Compare and contrast Car No1 with its 21st century counterparts and there’s a world of difference. Especially when it comes to advances in vehicle safety technology; blind spot monitoring, lane control, emergency braking, traction control, and drowsiness detection et al are now entering the global car pool.
Over time, these features will all make a significant impact to reducing the 1.25 million deaths worldwide due to vehicle crashes (as reported for 2014).
However, the fact is that no matter how good these safety features are, they cannot fully compensate for the number one factor in road traffic accidents, us!
In the United States, 94% of crashes involve human error from speeding, alcohol, distraction or drowsiness. The National Safety Council estimated approximately 40,000 Americans died on the road in 2016, a 6% increase over the previous year.
In the UK, according to this report by Matthew Avery of Thatcham Research, 23% of motor claims relate to parking incidents. Of these, three quarters occurred during reversing. This accounted for £1.7bn of claims caused by human error that would be eliminated by autonomous vehicles.
Hurrah for autonomous vehicles, but what do we mean?
The problem with talking about autonomous vehicles is that not all autonomous vehicles are the same. Which is why there is standard J3016 to define them.

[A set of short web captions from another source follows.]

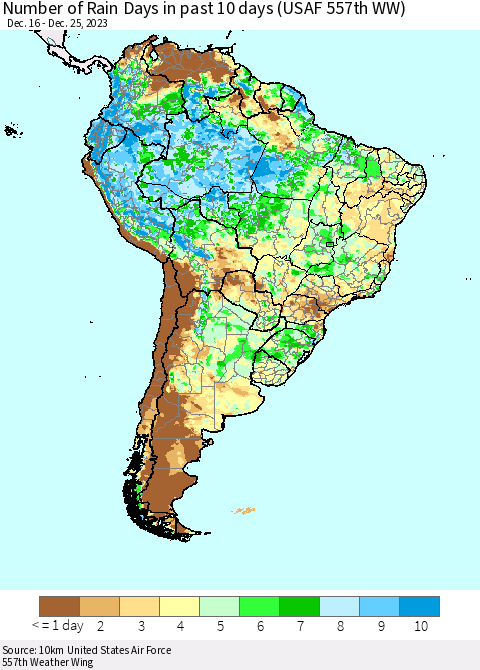 South America Number of Rain Days in past 10 days (USAF 557th WW) Thematic Map For 12/21/2023 - 12/25/2023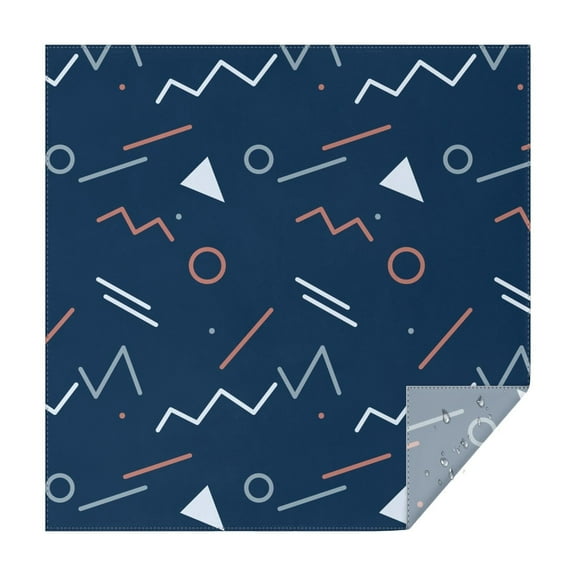 Christmas Square Tablecloth 42x42 Inch – Waterproof Polyester Printed Table Cover, Wrinkle Resistant & Washable for Kitchen Dining Picnic Party Decor, Single-v4-15, White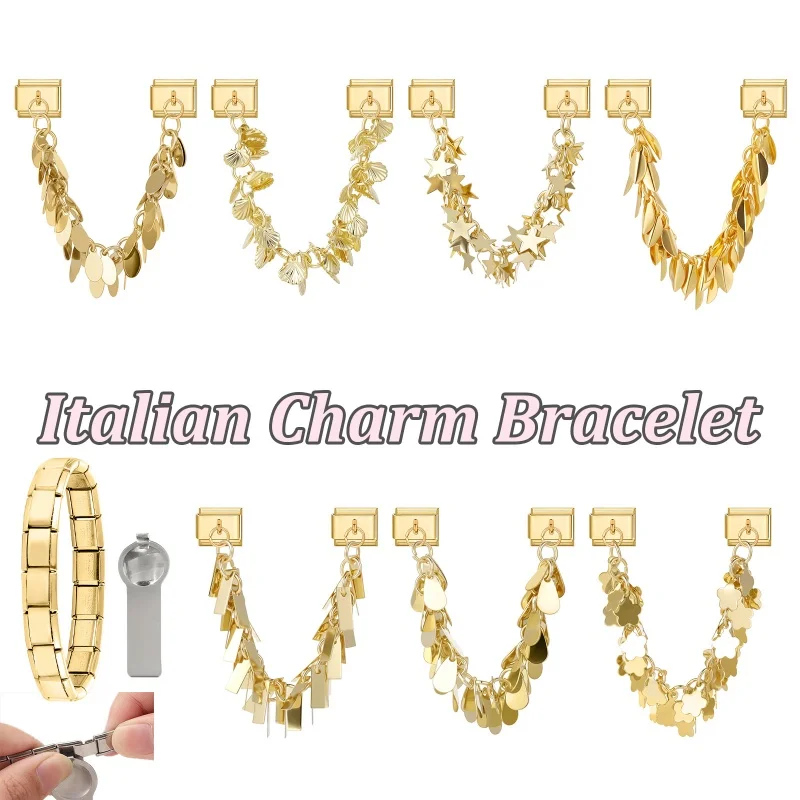 New Golden Charm Shell Star Flowers Leaves Double-Chain Tassel Italian Links Fit 9MM Stainless Steel Bracelet Women DIY Handmade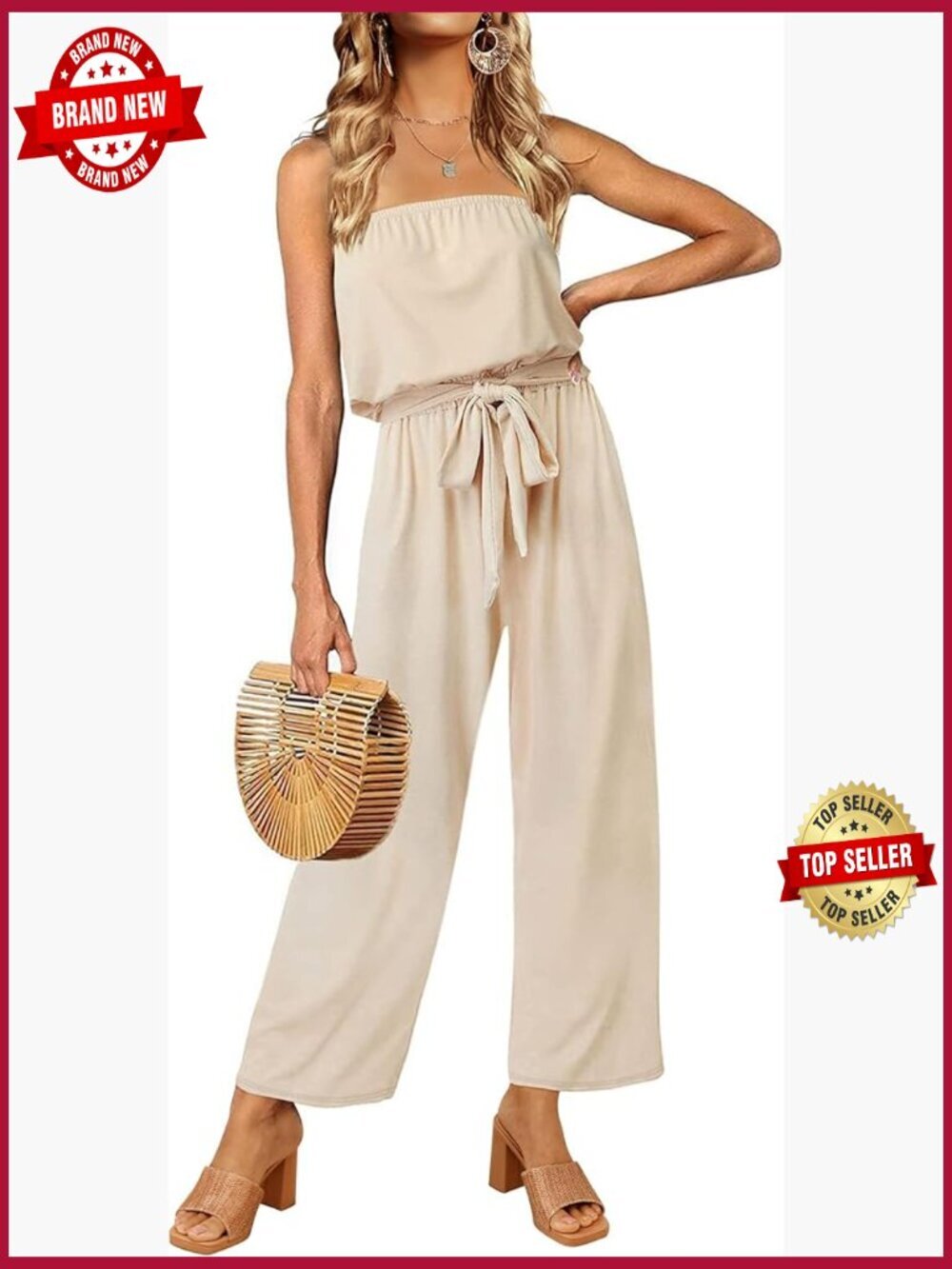 Off Shoulder Strapless Belted Wide Leg Jumpsuit Romper
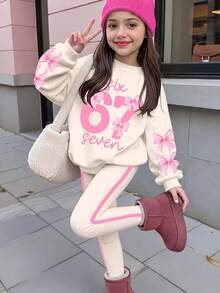 女童休閒酷感 67 號蝴蝶結圖案奶油白與粉色拼色圓領長袖運動衫與內搭褲 2 件套，適合秋冬，復古可愛舒適秋冬風格 - 彩色 - 查看 1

This international standard for autonomous vehicles was defined in 2014 by the Society for Automotive Engineers International (SAE). It’s based on six levels of classification from zero, for no automation, through to Level 5 for full automation.
This chart explains it well. Levels 0-3 are when a human driver is needed to take control, even if there is some level of partial automation being used. Levels 4 & 5 define the conditions when the automated driving system is in control, with a human driver possibly being able to take over in some circumstance, but not acting as the fall back position.
To put this into context, Tesla’s much vaunted Autopilot system is (only) at Level 2 today, even though they might market themselves higher. The first production ready Level 3 car is expected later this year in the form of the Audi A8.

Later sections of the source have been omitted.